Da quando internet ha invaso la nostra vita quotidiana, è entrato nelle nostre menti, e perché no nei nostri cuori, sembra che la realtà virtuale abbia preso il sopravvento sul nostro modo di rapportarci con gli altri, sul nostro modo di vivere, appunto, la nostra vita. 

Me ne accorgo, in particolare, dai comportamenti di mia figlia, che sono gli stessi dei suoi coetanei, che a forza di stare nella realtà virtuale hanno imparato come si gestisce un sito, cosa fare in caso di errori, come sistemare quell'altro problema; insomma hanno imparato a "navigare" su internet, cosa che noi alla loro età non immaginavamo neanche. 

Alla loro età giocavamo con i soldatini di ferro o di plastica, avevamo l'arco con le frecce, non c'erano i cellulari (c'era il famoso telefono a gettoni), e per comunicare usavamo solo ed esclusivamente in casa il telefono. Adesso, specialmente da questi anni 2000 tutto è cambiato, e la differenza tra realtà virtuale e realtà quotidiana a mio modesto avviso è divenuta molto labile. 

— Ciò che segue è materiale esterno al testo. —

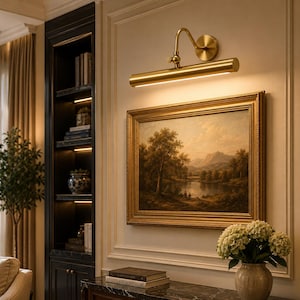 May include: A brass picture light fixture with a cylindrical head and an adjustable arm mounted above a rectangular landscape painting in a gold frame. The light emits a warm glow downward, illuminating the artwork on the wall.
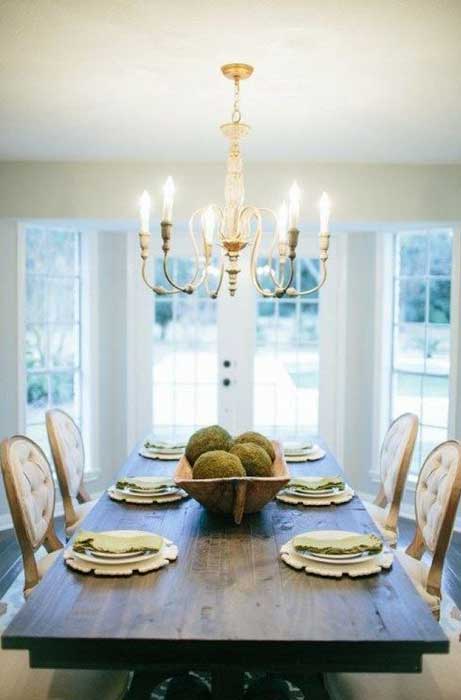 Wooden dining table with overhead light fixture in Madison, WI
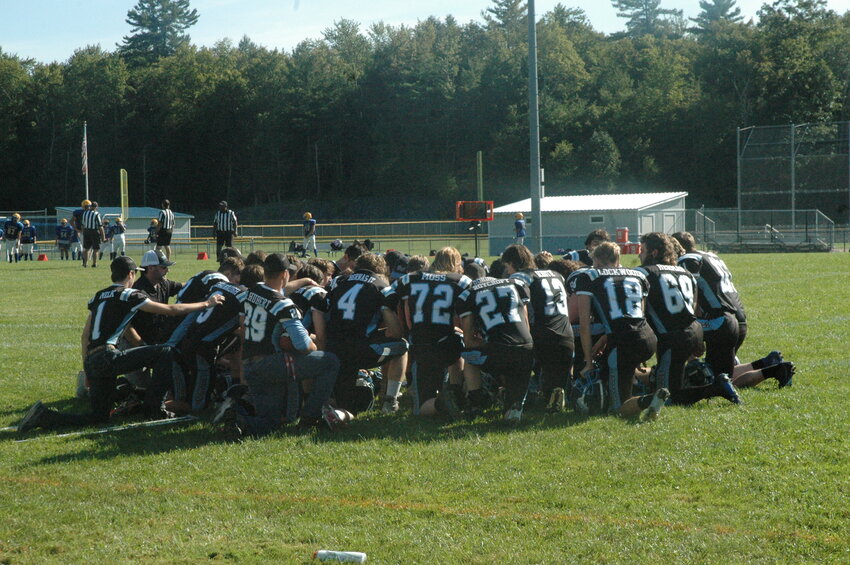 The 2023-24 Sullivan  West Bulldogs football team huddles up prior to hosting a scrimmage at their field in Lake Huntington on Saturday, September 2.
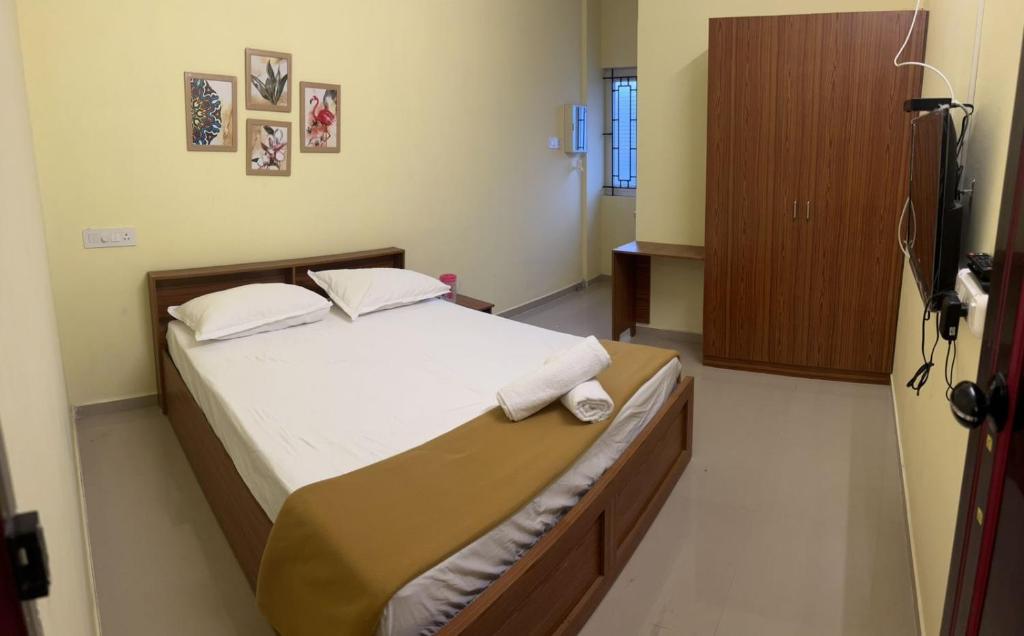 1 dormitorio con 1 cama con 2 toallas en Serene Super Deluxe Row Villa, en Karumattampatti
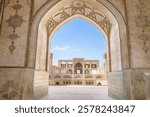 View through an arch of the buildings of the historic Agha Bozorg Mosque in Kashan, Iran. Building was built in late of 18th century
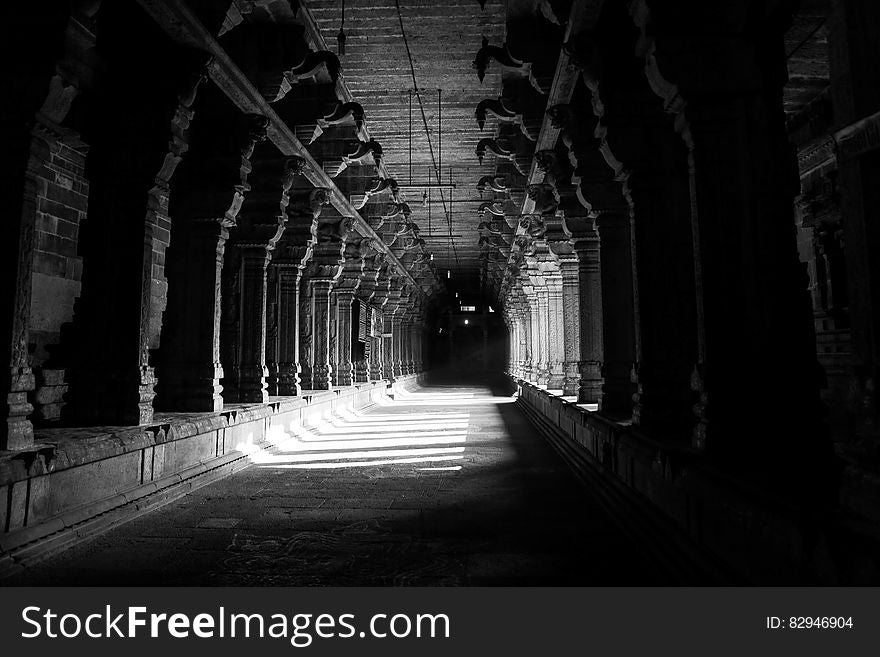 Grayscale Photo of Hallway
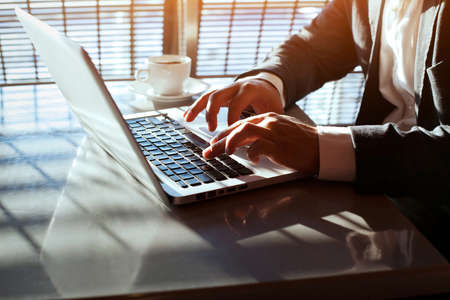 working on laptop, close up of hands of business manの写真素材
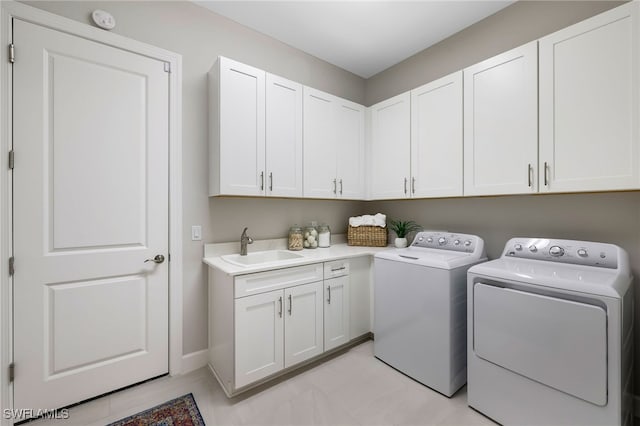 laundry area with cabinets, independent washer and dryer, and sink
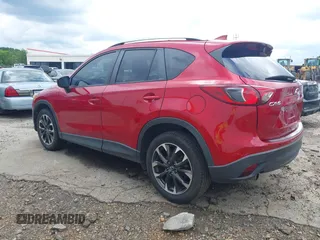 2016 Mazda CX-5 Grand Touring z VIN JM3KE2DY6G0693678, wystawiony jako IAAI lot #42443247 z przebiegiem 127 620 mil mil oraz . Historia ofert i sprzedaży dostępna na DreamBid. Obrazek 3.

Tutto si confonde, tutto si gestisce con molta fretta, e il passare ore e ore sul computer ha sfalsato la nostra esistenza, l'ha resa ingestibile. Mi domando e domando a voi che mi state leggendo: come uscirne? E soprattutto vogliamo veramente farlo? Noi genitori siamo impotenti di fronte a tutto questo? 

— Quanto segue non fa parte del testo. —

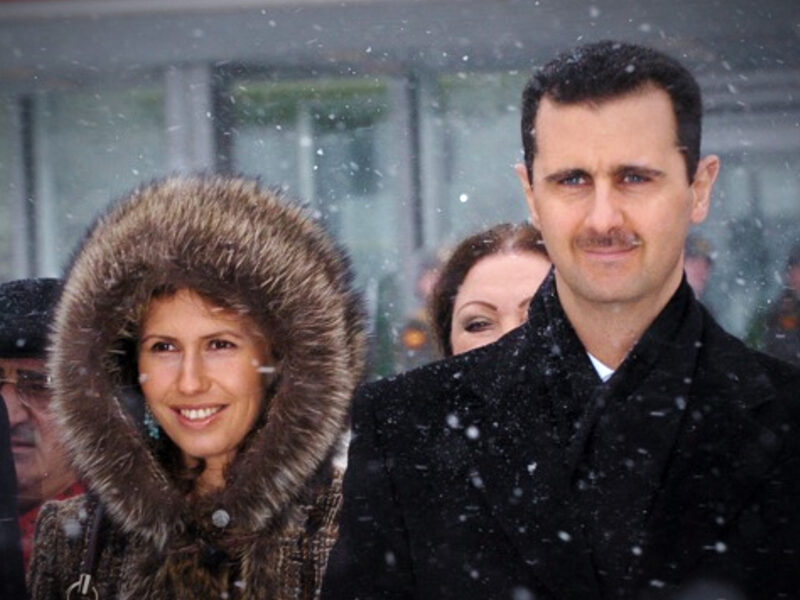 File photo of ​Bashar and Asma al-Assad in Moscow in January 2005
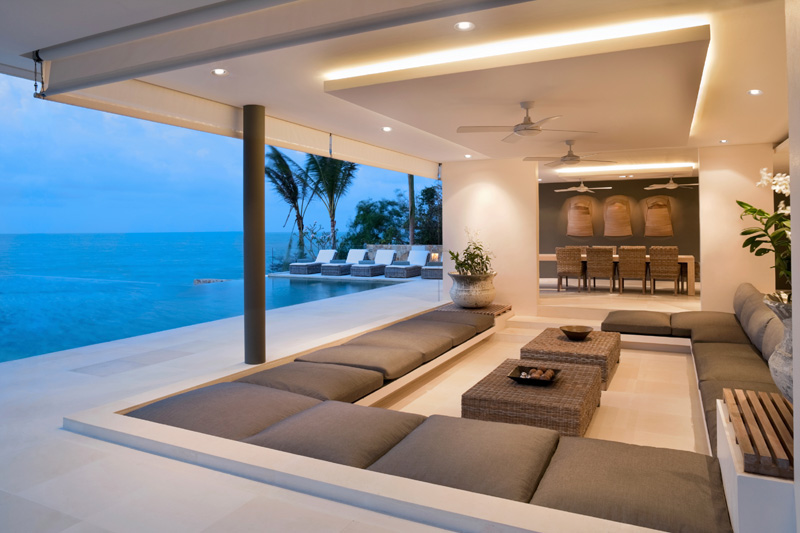 A luxury living room with ocean views sofas and led downlights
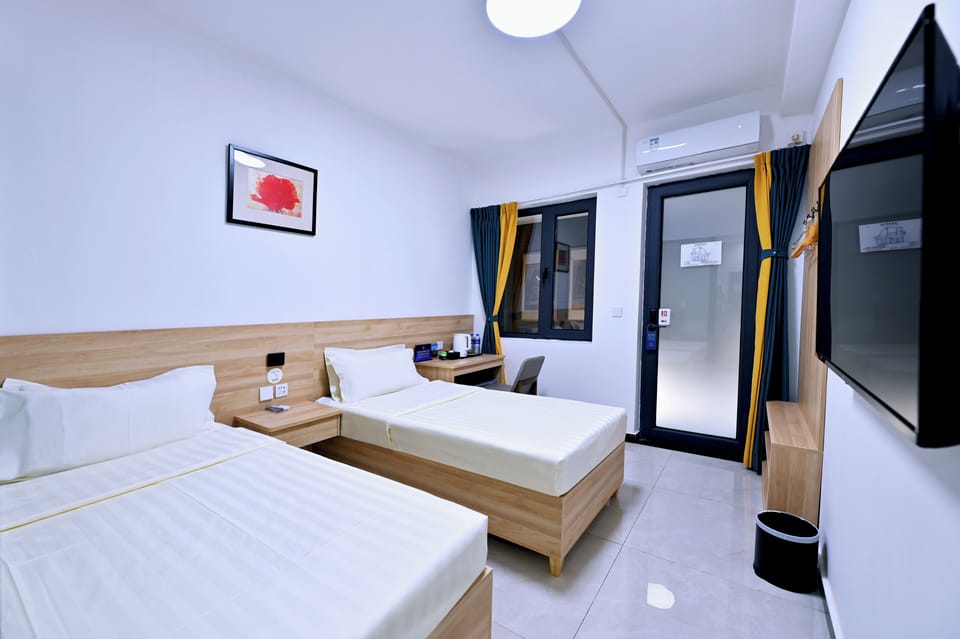Economy Twin Room | Desk, laptop workspace, blackout drapes, iron/ironing board (on request)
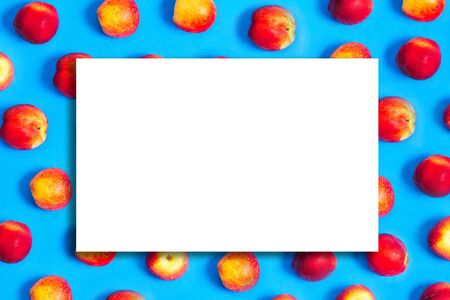 Peaches background with white frame for text. Flat lay of ripe peaches on a blue background. Summer fruits and healthy foodの写真素材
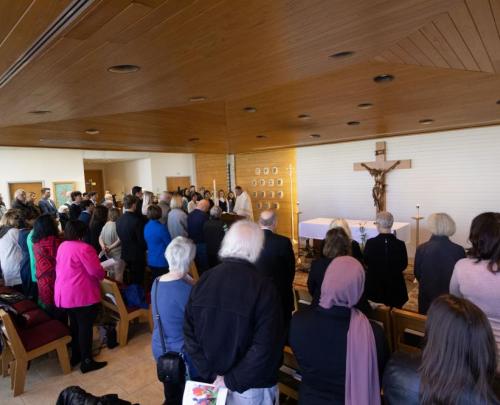 Mabee Chapel on campus with guests celebrating mass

O invece, dobbiamo essere più severi e far capire ai nostri figli che la realtà non è quella che tu vedi, che tu "vivi" su una macchina, ma la realtà sta fuori di noi, sta nell'amico che ti parla, a volte ti rimprovera, a volte ti dà uno schiaffo; eh, si, questa è la vera realtà, il sentirsi vivo nel rapporto con gli altri, nel discutere con gli altri, nel bisticciarsi con gli altri, questo si, ti fa sentire vivo, ti fa sentire un uomo, una donna, un bambino, una bambina, un ragazzo, una ragazza. 

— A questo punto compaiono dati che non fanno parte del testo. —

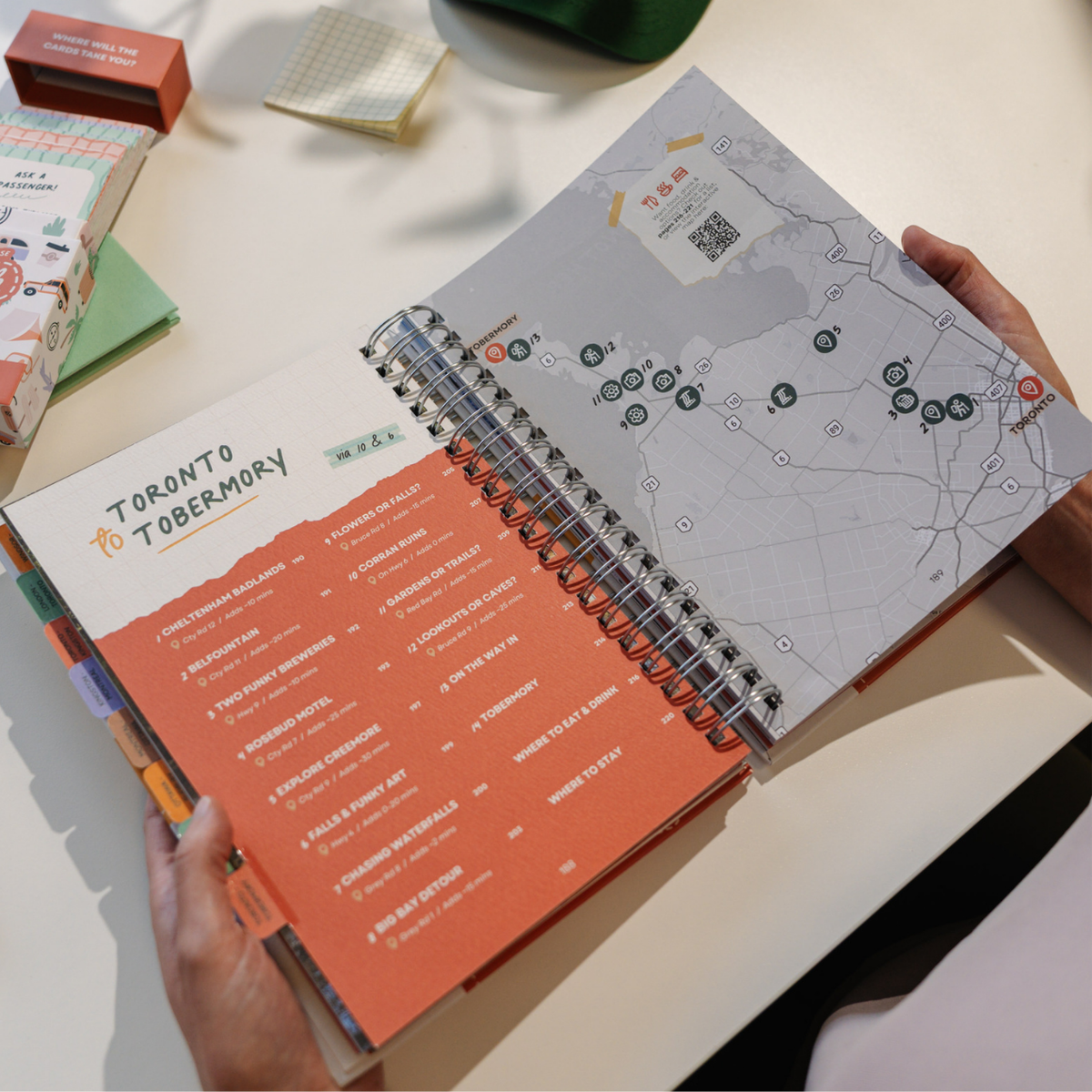 A person holds open a spiral-bound Toronto Tobermory travel planner on a light tabletop. The planner shows a map on the right page and a colorful itinerary list on the left page in orange, white, and coral tones.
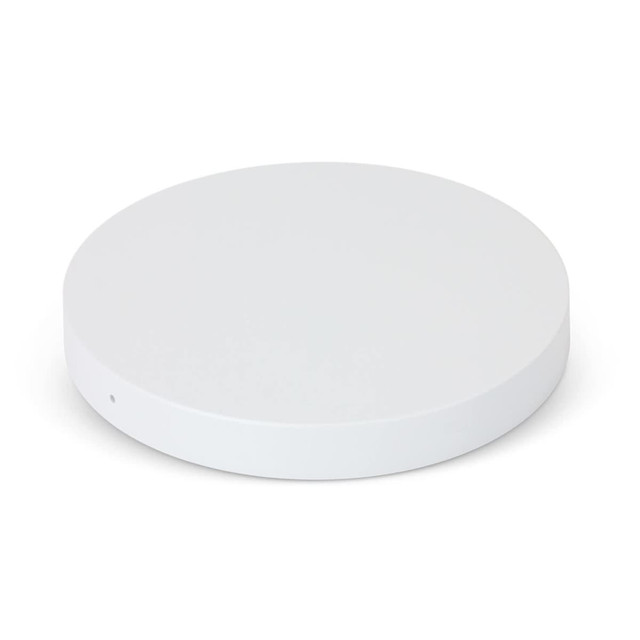 A round white wireless charger with a smooth surface and a single small port on the side. A round white wireless charger with a smooth surface and a single small port on the side.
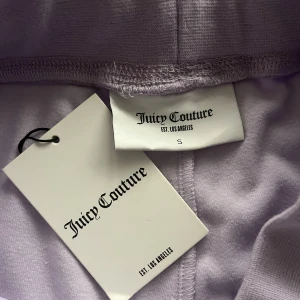 Lila juicy byxor  - Säljer dessa helt oanvända juicy byxor i storlek S❤️ de ser gråa ut på bilden men de är lila!💜 aldrig använda och lappen sitter kvar!!! Denna modellen har inga fickor där bak🫶🏼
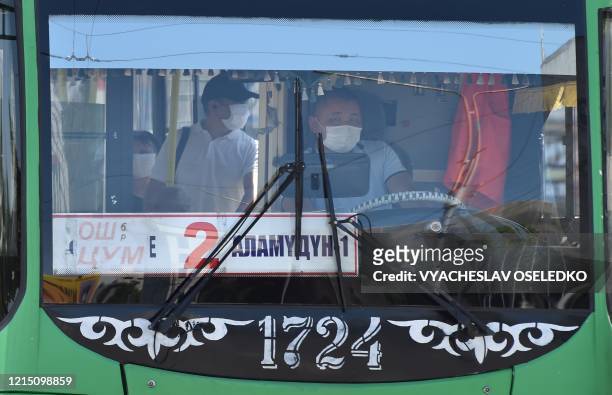Bus driver wearing a face mask is at work in Bishkek, on May 25 on the reopening day for public transports as the country eases lockdown measures...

Allora, morale della favola, spogliamoci della realtà virtuale, per vivere ogni giorno un contatto vivo, sincero, pieno di amore, e anche di odio, con il tuo prossimo, ma l'importante è essere VIVO.  Ah, dimenticavo, questo non significa che internet bisogna buttarlo, no, ma usarlo con parsimonia e essere noi a gestirlo, non a farci gestire.

2 commenti:

  1. Commento a: Realtà virtuale e realtà quotidiana: quale differenza?
    Giovanni Tomasello agosto 22, 2017 Editoriale , giovani , Internet , primo piano , realtà virtuale (Parte 1)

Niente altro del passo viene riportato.